Assign the correspondent annotation to each anchor.

We know that in a feature map we'll have A anchors per location (i.e. feature map's height * width * A total anchors), where these A anchors have different sizes and aspect ratios. Each one of this anchors could have an 'assigned annotation', that is the annotation that has bigger Intersection over Union (IoU) with the anchor.

So, all the anchors could have an assigned annotation, but, what we do with the anchors that are containing background and none object? That's the reason that we must provide some thresholds: one to keep only the anchors that are containing objects and one threshold to decide if the anchor is background or not. The anchors that has IoU between those threshold are ignored.

With this we can train anchors to fit the annotation and others to fit the background class. And obviously keep a centralized way to handle this behavior.

Arguments

anchors : torch.Tensor: The base anchors. They must have 4 values: x1, y1 (top left corner), x2, y2 (bottom right corner). Shape: (number of anchors, 4)
annotations : torch.Tensor: The real ground truth annotations of the image. They must have at least the same 4 values. Shape: (number of annotations, 4+)
thresholds : dict: A dict with the 'object' (float) threshold and the 'background' threshold.
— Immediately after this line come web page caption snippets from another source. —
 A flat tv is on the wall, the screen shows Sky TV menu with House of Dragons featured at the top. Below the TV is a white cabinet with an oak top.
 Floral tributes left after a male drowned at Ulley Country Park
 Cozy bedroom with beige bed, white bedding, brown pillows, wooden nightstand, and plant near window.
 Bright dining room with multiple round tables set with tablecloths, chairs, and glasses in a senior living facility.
If the IoU between an anchor and an annotation is bigger than 'object' threshold it's selected as an object anchor, if the IoU is below the 'background' threshold is selected as a 'background' anchor.

Returns

torch.Tensor: The assigned annotations. The annotation at index i is the annotation associated to the anchor at index i. So for example, if we have the anchors tensor and we want to get the annotation to the i-th anchor we could simply take this value returned and the get i-th element too. Example: >>> assigned_annotations, *_ = Anchors.assign(anchors, annotations) >>> assigned_annotations[10] # The annotation assigned to the 10th anchor. Shape: (number of anchors, 4+) torch.Tensor: A mask that indicates which anchors are selected to be objects. torch.Tensor: A mask that indicates which anchors are selected to be background. Keep in mind that if the thresholds are not the same some anchors could not be objects nor background. torch.Tensor: The IoU of the selected anchors as objects. Obviously all of them are over the 'object' threshold.

Source code

@staticmethod
def assign(anchors, annotations, thresholds=None):
    """Assign the correspondent annotation to each anchor.
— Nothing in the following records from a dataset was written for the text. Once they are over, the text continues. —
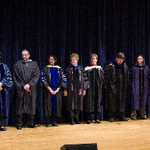 Group of faculty members line up on stage to be honored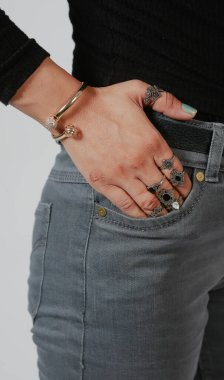 Fashionable trendy woman's hand going in her jeans front pocket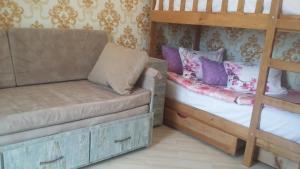 Ένα ή περισσότερα κρεβάτια σε δωμάτιο στο 1 Room Deluxe Apartment in Bakuriani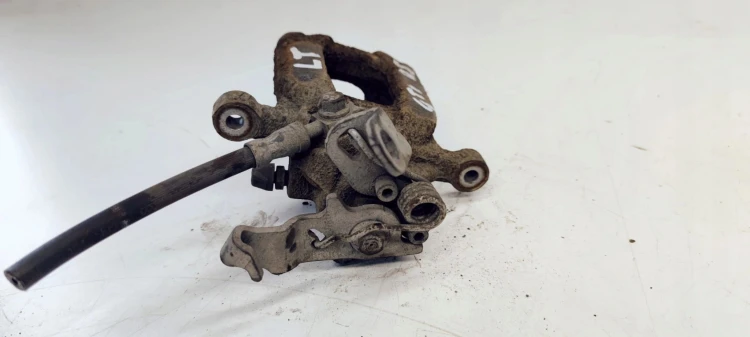ZACISK HAMULCOWY LEWY TYŁ VW SEAT SKODA W08470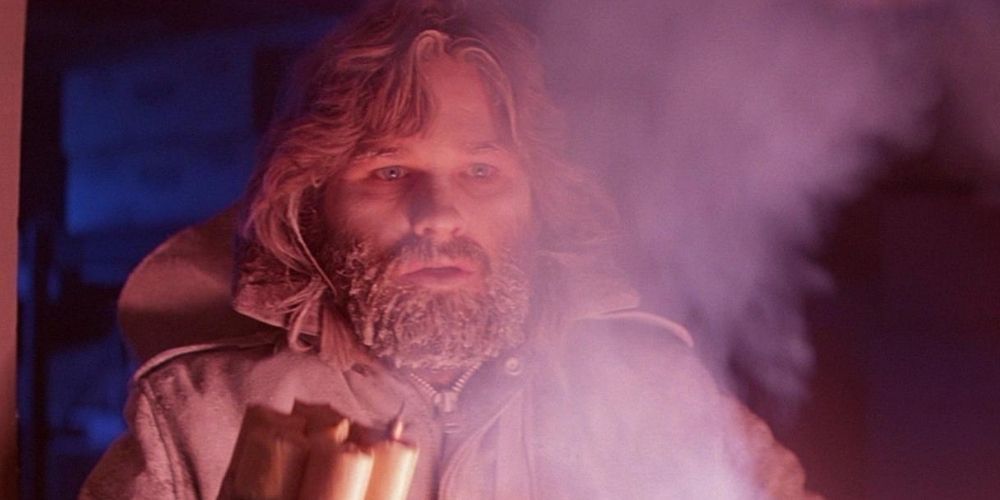 A scared MacReady looking at someone through some smoke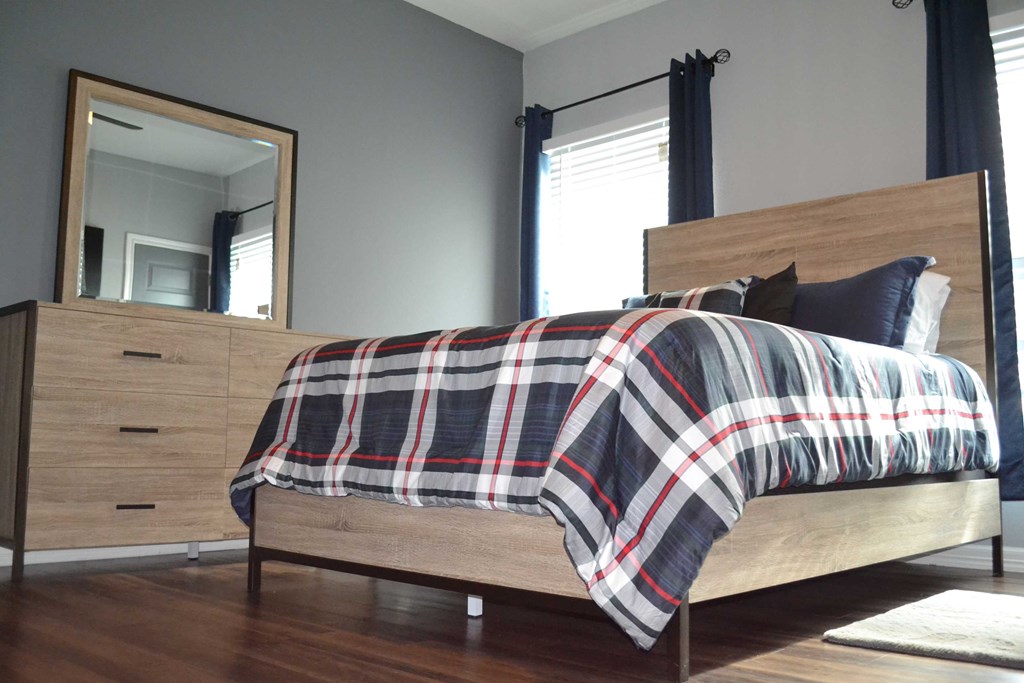 a bedroom with a bed and a dresser and a mirror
    We know that in a feature map we'll have A anchors per location (i.e. feature map's height * width * A total
    anchors), where these A anchors have different sizes and aspect ratios.
    Each one of this anchors could have an 'assigned annotation', that is the annotation that has bigger
    Intersection over Union (IoU) with the anchor.

    So, all the anchors could have an assigned annotation, but, what we do with the anchors that are containing
    background and none object? That's the reason that we must provide some thresholds: one to keep only the
    anchors that are containing objects and one threshold to decide if the anchor is background or not.
    The anchors that has IoU between those threshold are ignored.

    With this we can train anchors to fit the annotation and others to fit the background class. And obviously
    keep a centralized way to handle this behavior.

    Arguments:
        anchors (torch.Tensor): The base anchors. They must have 4 values: x1, y1 (top left corner), x2, y2 (bottom
            right corner).
            Shape:
                (number of anchors, 4)
        annotations (torch.Tensor): The real ground truth annotations of the image. They must have at least the
            same 4 values.
            Shape:
                (number of annotations, 4+)
        thresholds (dict): A dict with the 'object' (float) threshold and the 'background' threshold.
            If the IoU between an anchor and an annotation is bigger than 'object' threshold it's selected as
            an object anchor, if the IoU is below the 'background' threshold is selected as a 'background' anchor.

    Returns:
        torch.Tensor: The assigned annotations. The annotation at index i is the annotation associated to the
            anchor at index i. So for example, if we have the anchors tensor and we want to get the annotation to
            the i-th anchor we could simply take this value returned and the get i-th element too. Example:
            >>> assigned_annotations, *_ = Anchors.assign(anchors, annotations)
            >>> assigned_annotations[10]  # The annotation assigned to the 10th anchor.
            Shape:
                (number of anchors, 4+)
        torch.Tensor: A mask that indicates which anchors are selected to be objects.
        torch.Tensor: A mask that indicates which anchors are selected to be background.
            Keep in mind that if the thresholds are not the same some anchors could not be objects nor background.
        torch.Tensor: The IoU of the selected anchors as objects. Obviously all of them are over the 'object'
            threshold.
    """
    default_thresholds = {'object': 0.5, 'background': 0.4}

    if thresholds is None:
        thresholds = default_thresholds
    if 'object' not in thresholds:
        thresholds['object'] = default_thresholds['object']
    if 'background' not in thresholds:
        thresholds['background'] = default_thresholds['background']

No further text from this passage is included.